Al centro del monumento due angeli tirano i capi (o forse accostano) di una leggerissima tenda dietro a cui è disteso il corpo del defunto, la cui lunga veste è stata tuttavia inspiegabilmente riscalpellinata in malo modo, scoprendo i piedi già di per sé molto evidenti.
Una figura guantata, che non sembra né uomo né donna, forse proprio un angelo col suo sorriso giovanile e quasi beffardo, ma non irriverente, siede in una singolare ed allusiva positura, con una gamba accavallata sopra all'altra, accoccolato sopra un grosso leone ruggente. Questo singolarissimo ed indecifrabile angelo occupa il secondo ripiano, immediatamente sovrapposto al baldacchino funebre, con accanto, più incassata nell'ombra, una madonna col bambino ritto in piedi, e, tra le due bellissime sculture, un sepolcro rettangolare in pietra rosso scura, ben sagomato nella sua spazialità concreta e riposto nell'ombra più fitta.
Le armi scolpite alla base del monumento sono state identificate con quelle di Filippo di Courtenay, figlio dell'imperatore latino di Costantinopoli Baldovino II di Courtenay e di Maria di Brienne, che fu imperatore titolare di Costantinopoli (1273-1283) e morì a Viterbo nel 1283.

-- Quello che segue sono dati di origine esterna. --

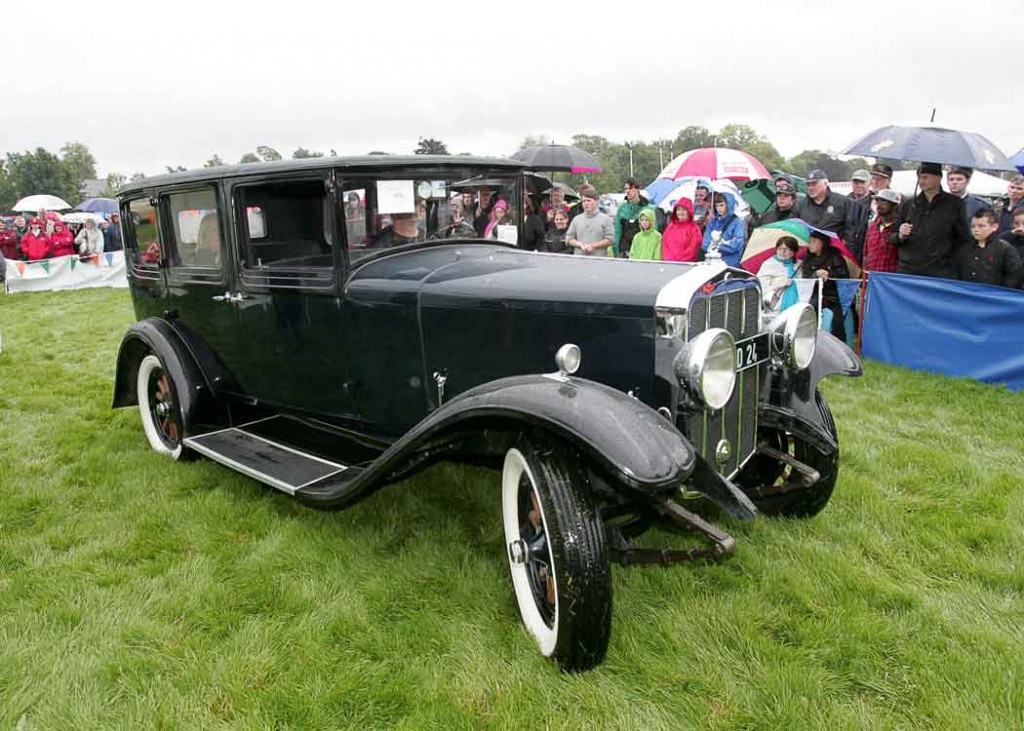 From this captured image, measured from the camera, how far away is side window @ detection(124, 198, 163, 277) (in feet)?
16.0

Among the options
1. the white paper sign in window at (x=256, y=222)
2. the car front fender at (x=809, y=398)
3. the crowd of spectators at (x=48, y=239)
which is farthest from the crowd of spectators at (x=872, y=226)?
the crowd of spectators at (x=48, y=239)

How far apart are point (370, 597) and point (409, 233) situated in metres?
1.84

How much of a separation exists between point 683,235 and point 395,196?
14.2 ft

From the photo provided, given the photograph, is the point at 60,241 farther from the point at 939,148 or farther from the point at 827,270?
the point at 939,148

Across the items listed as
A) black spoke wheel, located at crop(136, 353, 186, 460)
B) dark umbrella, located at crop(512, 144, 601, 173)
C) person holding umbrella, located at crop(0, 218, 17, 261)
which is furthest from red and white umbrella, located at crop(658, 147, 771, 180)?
person holding umbrella, located at crop(0, 218, 17, 261)

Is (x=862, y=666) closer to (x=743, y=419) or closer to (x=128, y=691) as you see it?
(x=743, y=419)

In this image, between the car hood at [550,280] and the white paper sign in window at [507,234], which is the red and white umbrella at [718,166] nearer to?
the white paper sign in window at [507,234]

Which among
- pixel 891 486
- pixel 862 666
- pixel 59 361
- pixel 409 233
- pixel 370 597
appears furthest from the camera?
pixel 59 361

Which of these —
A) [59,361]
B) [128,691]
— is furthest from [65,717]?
[59,361]

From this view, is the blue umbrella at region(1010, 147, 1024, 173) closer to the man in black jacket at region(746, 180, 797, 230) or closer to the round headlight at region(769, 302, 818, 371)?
the man in black jacket at region(746, 180, 797, 230)

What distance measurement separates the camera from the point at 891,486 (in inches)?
166

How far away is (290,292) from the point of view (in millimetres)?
3975

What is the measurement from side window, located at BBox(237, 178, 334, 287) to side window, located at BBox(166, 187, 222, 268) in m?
0.26

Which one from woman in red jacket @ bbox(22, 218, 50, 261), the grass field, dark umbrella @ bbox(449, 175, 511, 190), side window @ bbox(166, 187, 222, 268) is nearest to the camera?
the grass field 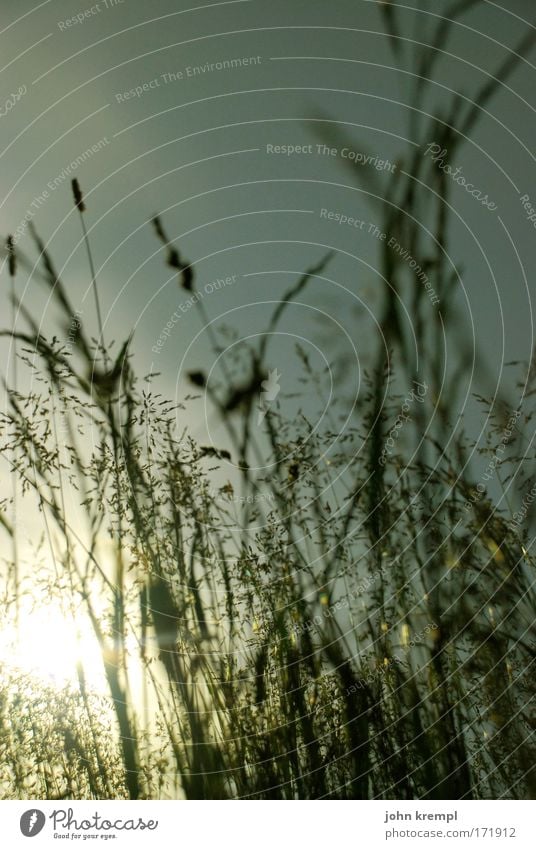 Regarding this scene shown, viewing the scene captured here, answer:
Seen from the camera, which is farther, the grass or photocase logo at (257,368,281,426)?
photocase logo at (257,368,281,426)

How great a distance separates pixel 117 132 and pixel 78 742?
49.2 inches

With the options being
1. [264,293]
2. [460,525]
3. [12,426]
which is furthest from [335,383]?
[12,426]

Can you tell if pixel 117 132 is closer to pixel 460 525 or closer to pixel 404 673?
pixel 460 525

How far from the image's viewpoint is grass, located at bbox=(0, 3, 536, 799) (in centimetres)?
131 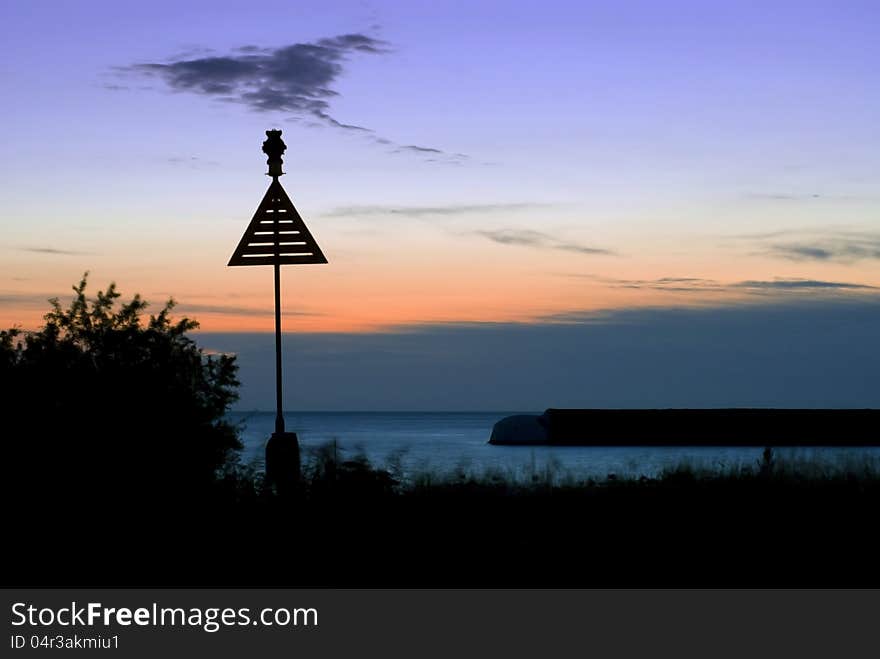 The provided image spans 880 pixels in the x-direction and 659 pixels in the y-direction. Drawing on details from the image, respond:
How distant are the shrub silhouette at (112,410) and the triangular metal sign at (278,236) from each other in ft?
7.70

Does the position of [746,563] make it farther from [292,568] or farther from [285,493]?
[285,493]

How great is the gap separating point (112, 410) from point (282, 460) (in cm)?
320

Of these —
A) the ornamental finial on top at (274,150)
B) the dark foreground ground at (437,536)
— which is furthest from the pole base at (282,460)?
the ornamental finial on top at (274,150)

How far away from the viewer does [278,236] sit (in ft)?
61.2

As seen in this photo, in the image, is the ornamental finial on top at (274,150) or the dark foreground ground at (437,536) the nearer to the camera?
the dark foreground ground at (437,536)

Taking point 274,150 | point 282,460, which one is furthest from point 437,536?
point 274,150

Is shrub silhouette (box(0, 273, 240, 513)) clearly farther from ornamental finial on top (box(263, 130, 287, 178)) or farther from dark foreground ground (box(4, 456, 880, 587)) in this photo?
ornamental finial on top (box(263, 130, 287, 178))

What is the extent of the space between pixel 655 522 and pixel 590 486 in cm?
329

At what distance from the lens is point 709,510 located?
15.7 m

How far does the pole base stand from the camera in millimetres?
17031

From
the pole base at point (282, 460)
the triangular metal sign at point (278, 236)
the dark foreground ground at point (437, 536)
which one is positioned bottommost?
the dark foreground ground at point (437, 536)

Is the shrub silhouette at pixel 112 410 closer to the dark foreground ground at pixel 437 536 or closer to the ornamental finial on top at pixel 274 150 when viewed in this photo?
the dark foreground ground at pixel 437 536

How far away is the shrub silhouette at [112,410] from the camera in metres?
14.4

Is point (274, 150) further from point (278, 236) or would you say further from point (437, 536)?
point (437, 536) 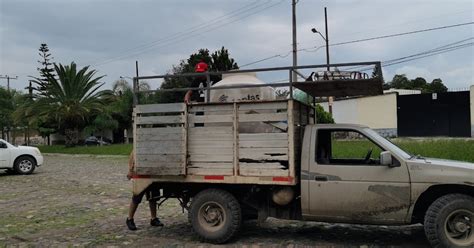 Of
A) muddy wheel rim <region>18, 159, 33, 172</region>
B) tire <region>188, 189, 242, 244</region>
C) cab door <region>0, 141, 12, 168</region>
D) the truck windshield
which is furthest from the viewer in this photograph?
muddy wheel rim <region>18, 159, 33, 172</region>

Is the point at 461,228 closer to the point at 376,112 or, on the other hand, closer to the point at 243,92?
the point at 243,92

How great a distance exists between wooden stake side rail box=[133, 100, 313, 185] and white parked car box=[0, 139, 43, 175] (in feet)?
44.4

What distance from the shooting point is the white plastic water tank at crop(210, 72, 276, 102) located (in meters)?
7.88

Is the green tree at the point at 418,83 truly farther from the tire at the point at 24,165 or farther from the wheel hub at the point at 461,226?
the wheel hub at the point at 461,226

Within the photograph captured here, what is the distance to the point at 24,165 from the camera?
1966 cm

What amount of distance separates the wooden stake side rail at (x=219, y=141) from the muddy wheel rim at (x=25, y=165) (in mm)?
13607

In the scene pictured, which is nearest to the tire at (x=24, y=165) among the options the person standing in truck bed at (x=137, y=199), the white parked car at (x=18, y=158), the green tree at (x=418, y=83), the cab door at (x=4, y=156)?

Il monumento compare per la prima volta nelle fonti scritte nel 1418 dove è citato come tomba dell'imperatore di Costantinopoli. L'imperatore di Costantinopoli è spesso identificato in Giovanni di Brienne che probabilmente conobbe San Francesco a Damietta (1219-1220) nel corso della Quinta Crociata e presenziò alla sua canonizzazione ad Assisi nel 1228. Nella sua De Conformitate Vitae Beati Francisci ad Vitam Domini Iesu (1325 c.ca), Fra Bartolomeo da Pisa riporta inoltre che Giovanni, poco prima di morire (1237), si fece terziario francescano e fu sepolto ad Assisi. Dopo la caduta dell'impero latino di Costantinopoli (1261), la figlia Maria, che riparò insieme al marito presso la corte angioina di Napoli, potrebbe aver portato con sé le spoglie del padre o parte di esse.